# [Task requirements]
Please reproduce, exactly as given, the lines running from the start of the data to the line containing "Hello everyone, welcome", inclusive, and omit the pictures.

# [Information given]
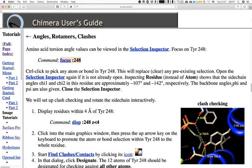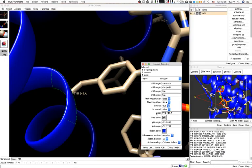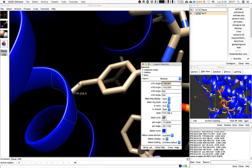The backbone angles phi and psi are also given, which describe the alpha helix orientation and the orientation of the side chain relative to the different carbon atoms. I haven't used this before and it's super useful — I'm going to start teaching this.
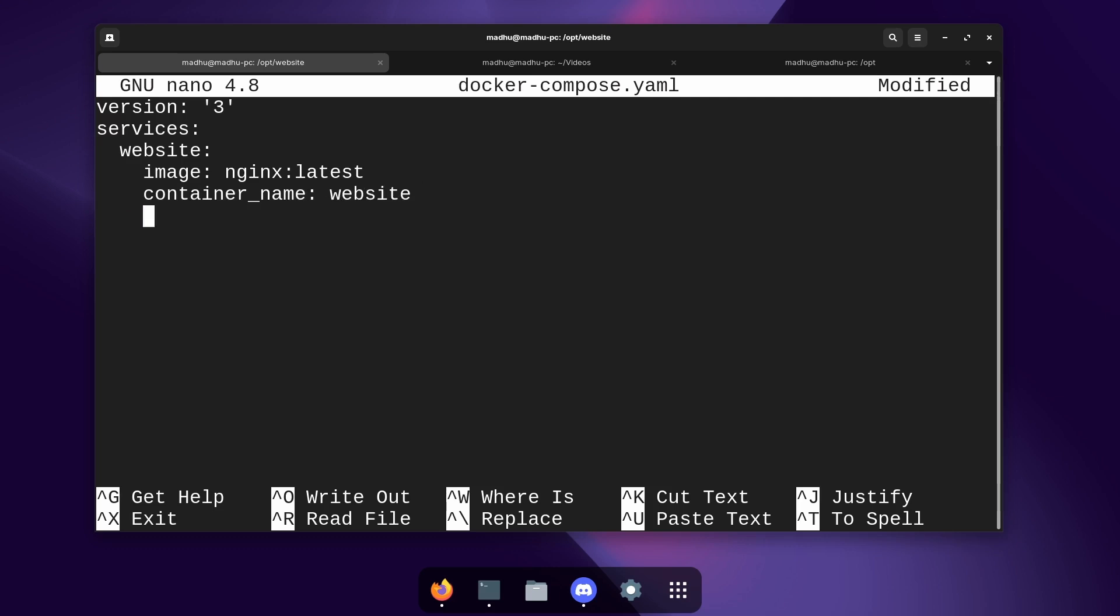Now we need to tell Docker which folders we want to share with this container. Like I said, containers are similar to virtual machines in the way that they're separate from your computer, so if you want folders to share between these containers and your computer you're going to need to specify that in this file. So to create shared volumes or folders we're going to have to type volumes: and then enter. Now this time we're going to do three tabs or six spaces then type a dash and then another space. Now we're just going to type the location of the html folder. So I have it stored in /opt/website/html.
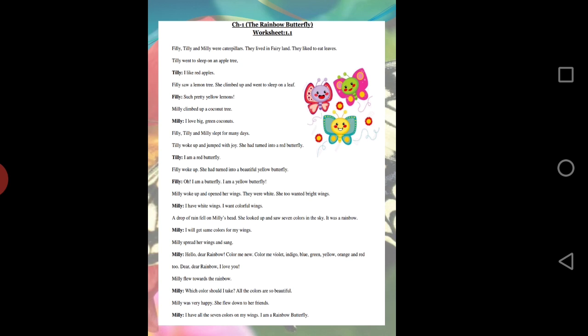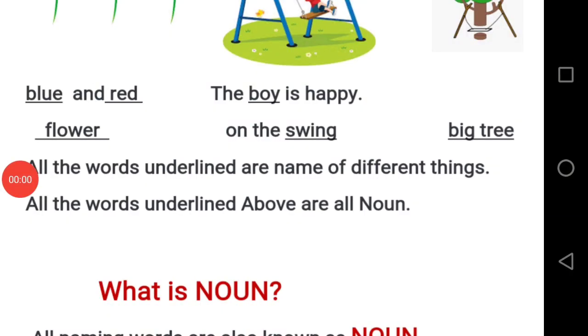But Millie was not happy as she wanted to be colorful, so she asked the rainbow to give her all its colors so that she could become a rainbow butterfly. Okay students, now it's time to talk about nouns. Blue, red, flower, boy, swing, big tree — do you know what is common in these words?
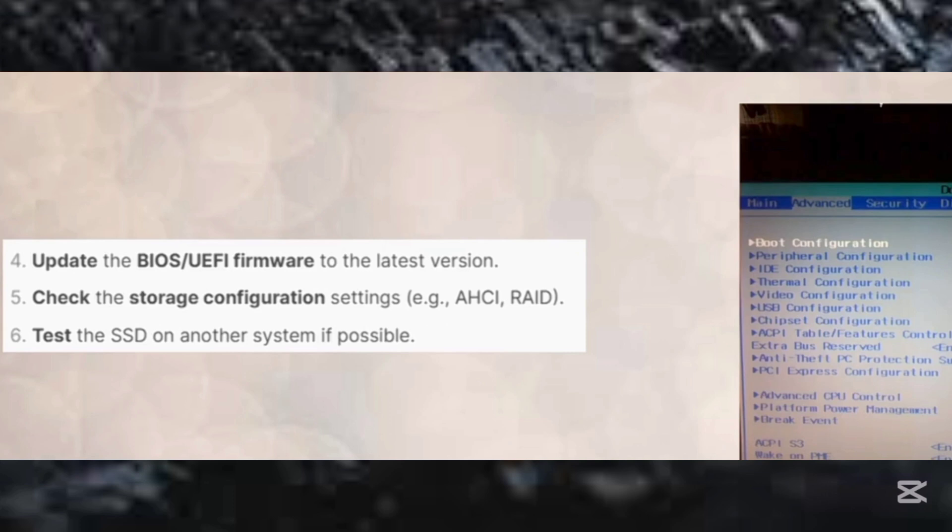Now step number five, check if the storage configuration settings is AHCI or RAID.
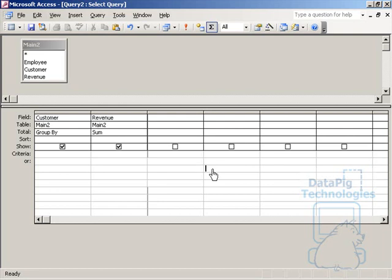In this video, I'm going to show you a technique to get the top five values per group, and that means it could be the top five customers per employee or the top five revenue locations per branch,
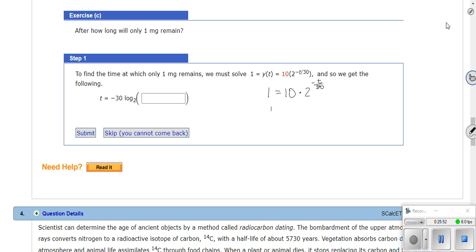They took log base 2 so that log base 2 of 2 cancels completely. Anytime you know the base you're trying to cancel, use log base whatever on both sides. They want the exact answer for t, not just a decimal approximation. You can finish that one on your own.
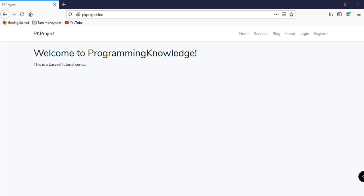Hey, what's going on guys, welcome back to our YouTube channel and welcome to this particular video. This is part number 11 of our Laravel tutorial for beginners series and in this video we're going to discuss forms and how to save data.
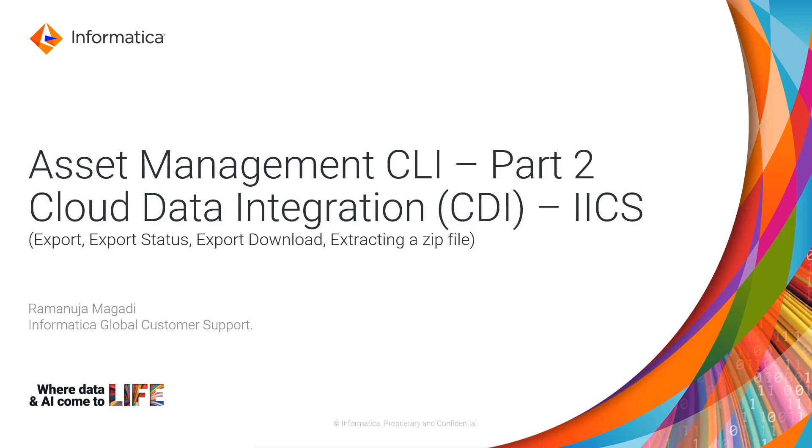Hello everyone, welcome to Informatica support videos. In this video we'll learn about Asset Management CLI Part 2. We recorded a Part 1 where we learned about list, import, and import status. In this video, we'll learn about export, export status, export download, and extracting the zip file.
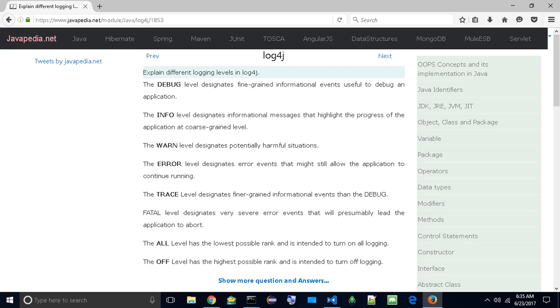FATAL level designates very severe error events that will presumably lead the application to abort. The ALL level has the lowest possible rank and is intended to turn on all logging. The OFF level has the highest possible rank and is intended to turn off logging.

# [Final answer]
The backbone angles phi and psi are also given, which describe the alpha helix orientation and the orientation of the side chain relative to the different carbon atoms. I haven't used this before and it's super useful — I'm going to start teaching this.
Now we need to tell Docker which folders we want to share with this container. Like I said, containers are similar to virtual machines in the way that they're separate from your computer, so if you want folders to share between these containers and your computer you're going to need to specify that in this file. So to create shared volumes or folders we're going to have to type volumes: and then enter. Now this time we're going to do three tabs or six spaces then type a dash and then another space. Now we're just going to type the location of the html folder. So I have it stored in /opt/website/html.
But Millie was not happy as she wanted to be colorful, so she asked the rainbow to give her all its colors so that she could become a rainbow butterfly. Okay students, now it's time to talk about nouns. Blue, red, flower, boy, swing, big tree — do you know what is common in these words?
Now step number five, check if the storage configuration settings is AHCI or RAID.
In this video, I'm going to show you a technique to get the top five values per group, and that means it could be the top five customers per employee or the top five revenue locations per branch,
They took log base 2 so that log base 2 of 2 cancels completely. Anytime you know the base you're trying to cancel, use log base whatever on both sides. They want the exact answer for t, not just a decimal approximation. You can finish that one on your own.
Hey, what's going on guys, welcome back to our YouTube channel and welcome to this particular video. This is part number 11 of our Laravel tutorial for beginners series and in this video we're going to discuss forms and how to save data.
Hello everyone, welcome to Informatica support videos. In this video we'll learn about Asset Management CLI Part 2. We recorded a Part 1 where we learned about list, import, and import status. In this video, we'll learn about export, export status, export download, and extracting the zip file.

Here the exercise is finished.